Si dice che veniamo dallo spazio

Oggi esce la quinta novità dell'autunno: le immagini sono di Beatrice Alemagna, le parole della svedese Sara Strindsberg. Il libro è Al parco.

[di Giovanna Zoboli]

Beatrice Alemagna ci ha abituato ad albi di cui è al tempo stesso autrice e illustratrice (eccetto per classici di grandi nomi che accetta di illustrare, come Rodari, la Lindgren o Saint-Éxupery). Per questo nuovo libro con le figure, tuttavia, ha fatto un'eccezione, proponendo ai lettori il testo di una scrittrice svedese, Sara Stridsberg, poco conosciuta dai lettori italiani (sono stati pubblicati solo due titoli, finora, in italiano, uno da Mondadori e uno da orecchio acerbo), ma di grande levatura,.

Non è l’unica novità proposta da questo libro. Siamo, infatti, abituati a vederci cambiare le carte in tavola da questa artista che, pur riconoscibilissima e coerente nel proprio linguaggio figurativo, non ama ripetersi. A ogni nuova uscita sorprende il lettore, imboccando strade impreviste e secondarie che, tuttavia, sempre, spalancano, all’improvviso, paesaggi e aperture mozzafiato (per esempio, dopo il segno umoristico di Manco per sogno, se ne è uscita con una cupissima e sanguinaria Biancaneve).

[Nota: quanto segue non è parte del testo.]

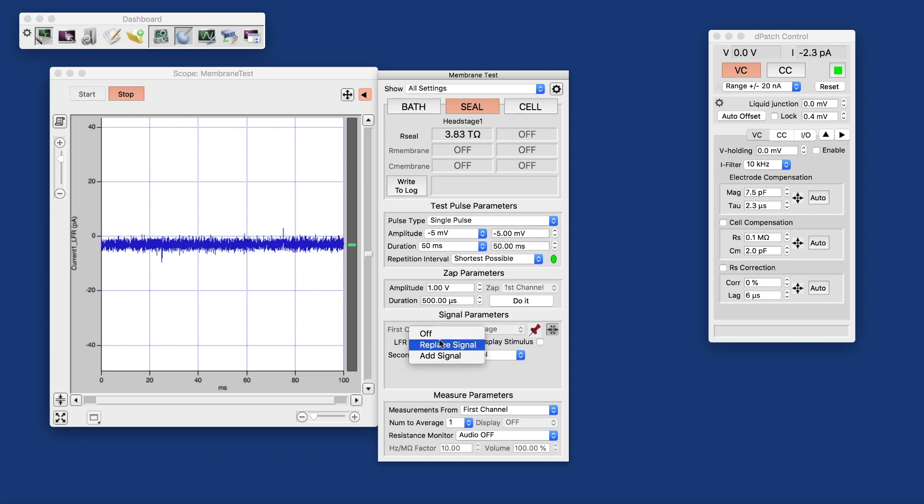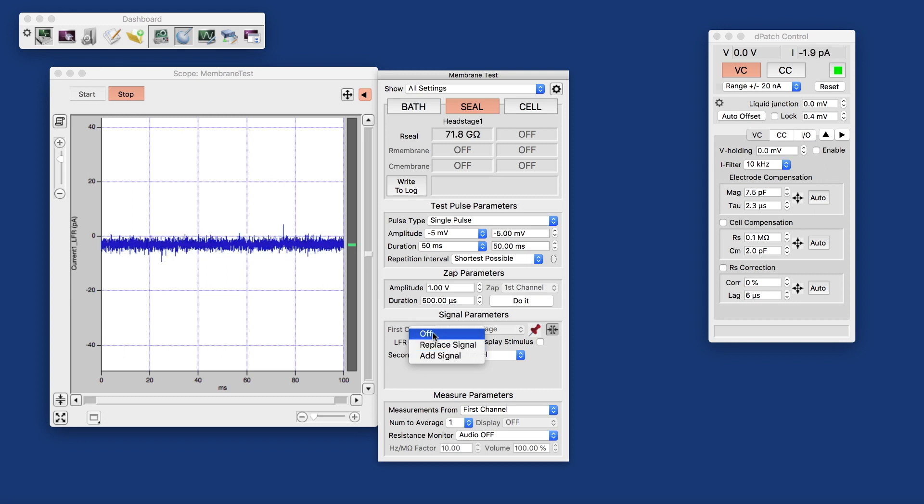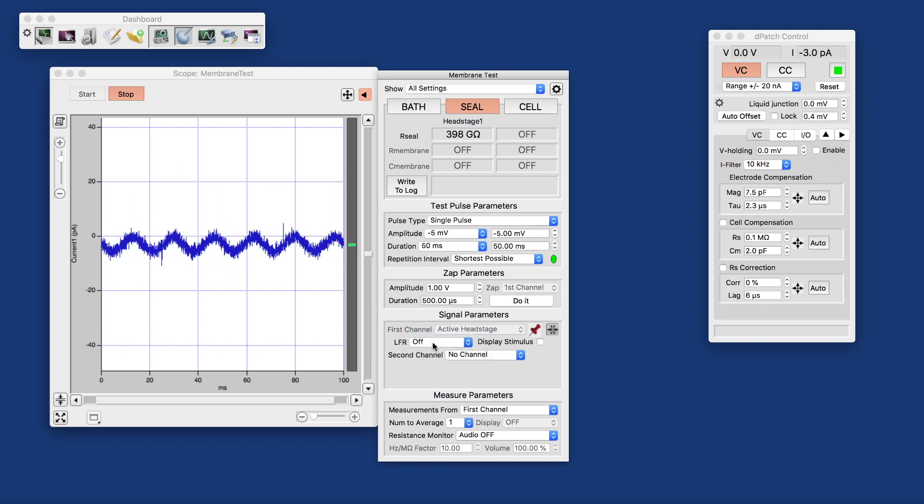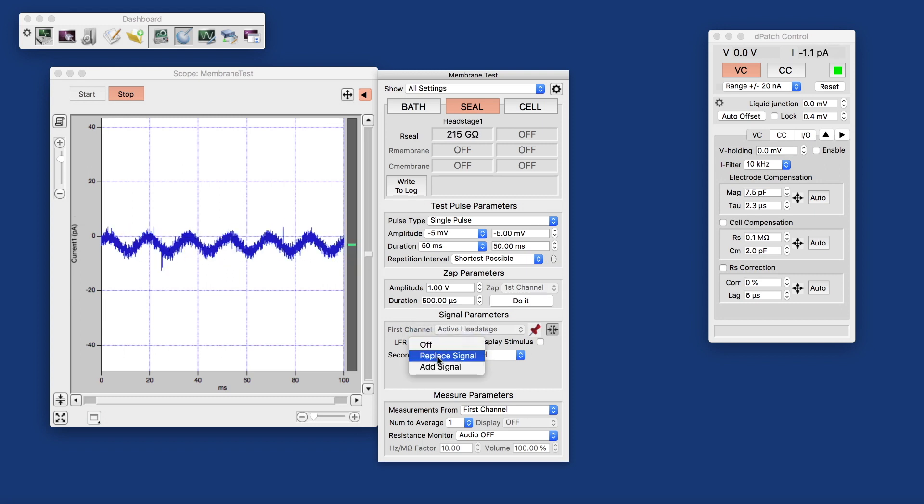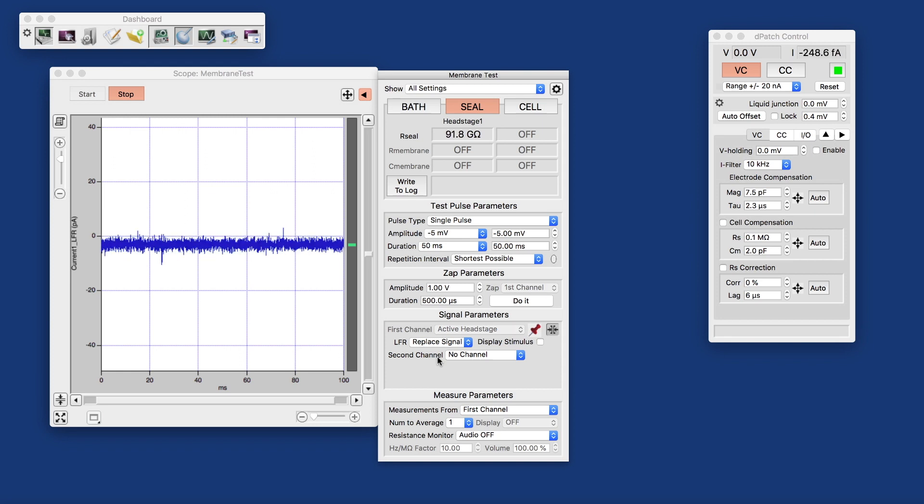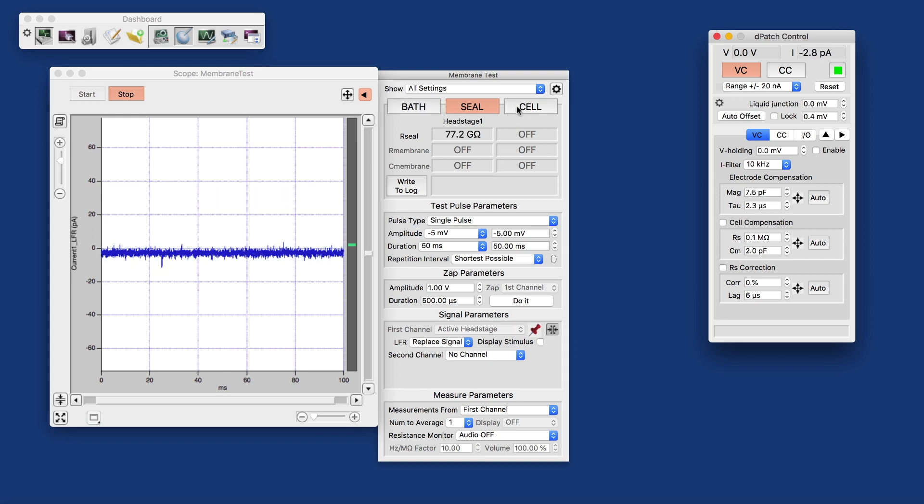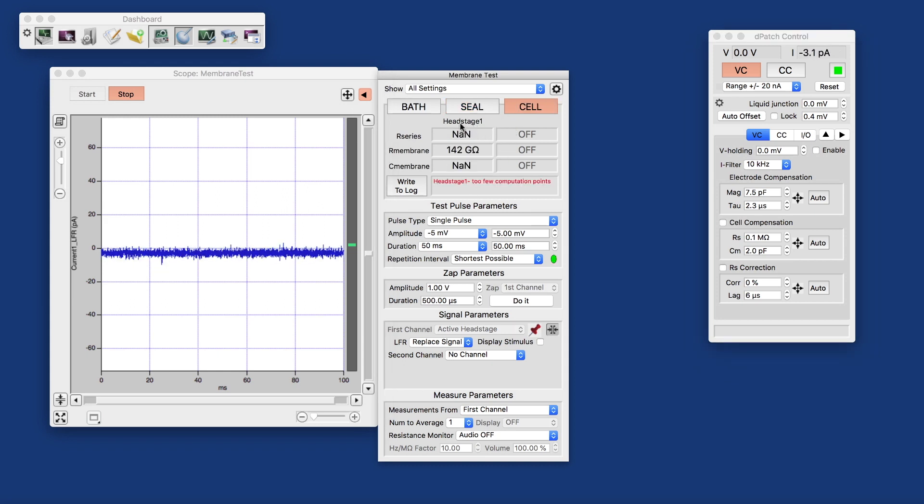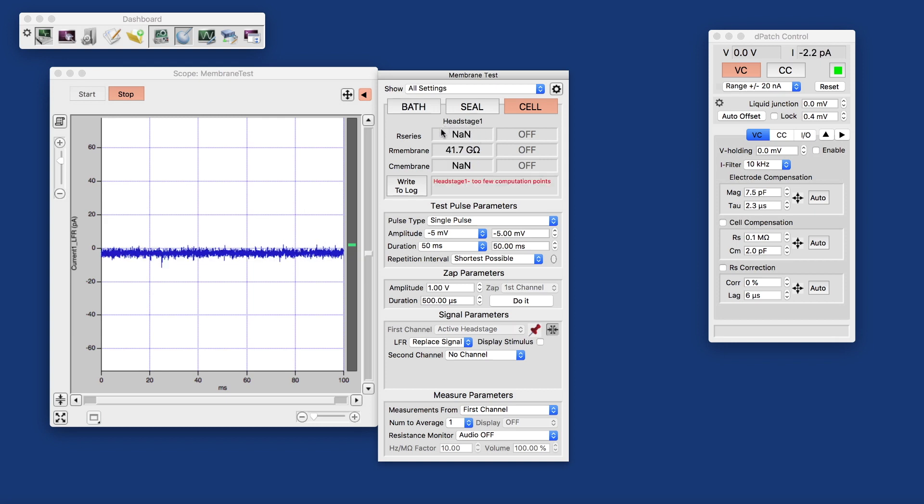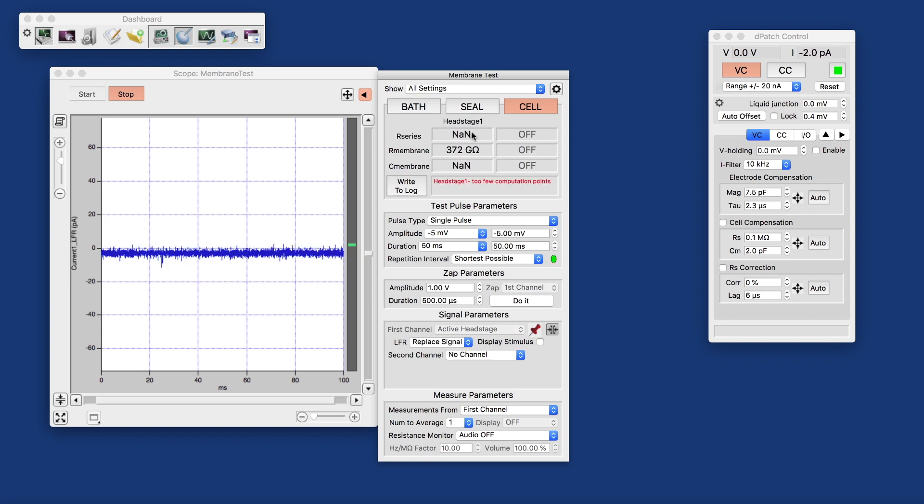So let's compare that again. Let's switch that off. And replacing the signal pretty much eliminates the line frequency. The next thing we will do is switch to cell because then the membrane resistance is written to the log here and then also used for the metadata.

Al parco è un libro severo, attraversato da venti di selvatichezza, mistero e libertà.

Ha un testo meraviglioso, che descrive con secchezza e precisione il territorio accidentato e pericoloso dell’infanzia, mostrando le sue luci abbaglianti, ma non nascondendone le ombre. Un testo che evoca il mistero potente che ogni luogo di libertà - come un parco: casa dell’imprevisto, dell’alterità, della difformità -, è in grado di offrire ai bambini e alle bambine come nutrimento necessario, assoluto. Un nutrimento che gli adulti ignorano o, se conoscono, evitano di somministrare per avversione ideologica, idiosincrasia personale o, il più delle volte, semplice paura.

Il parco, invece, fornisce ammaestramento d’avventura a chi vi entra. Lo fa a rischio e pericolo di chi lo esplora. È un mondo a sé: entrandoci si rinuncia alla vita così come fino a quel momento si è conosciuta, la si abbandona (con gusto). Ci si abbandona. I suoi argonauti rinunciano al tempo, sanno che quella che si trascorre al parco è una durata imprecisata, una plaga sconfinata, che si espande senza fine. Ma sanno anche che una banale interruzione può porre fine in un secondo a quella dimensione, richiamando al tempo parallelo dell’abitudine e della casa, dei genitori e della famiglia: perché siamo piccoli, ragiona la voce narrante, e dei grandi abbiamo ancora bisogno per vivere.

Una volta che ci hanno portati via da qui, possono volerci anni per tornare. 

«Mamma, possiamo andare la parco?» 

«Più tardi». 

«Adesso?»

«Fra poco».

«Quando andiamo?»

«Dopo».

«Va bene. Quando è dopo?»

Dopo può voler dire anni luce. 

C’è un acuto senso della sopravvivenza, in questa vicenda. Lo si intuisce anche dalla descrizione di una curiosa figura che sembra aver fatto del parco la propria dimora elettiva: una creatura altra, spettinata, vestita di un impermeabile giallo, che non ha paura di niente e ha l’odore del lampo. Questo strano essere dà ordini e impone giuramenti, parla come un oracolo, lingua a quanto pare familiare agli spaesati e impavidi esseri che raccoglie attorno a sé.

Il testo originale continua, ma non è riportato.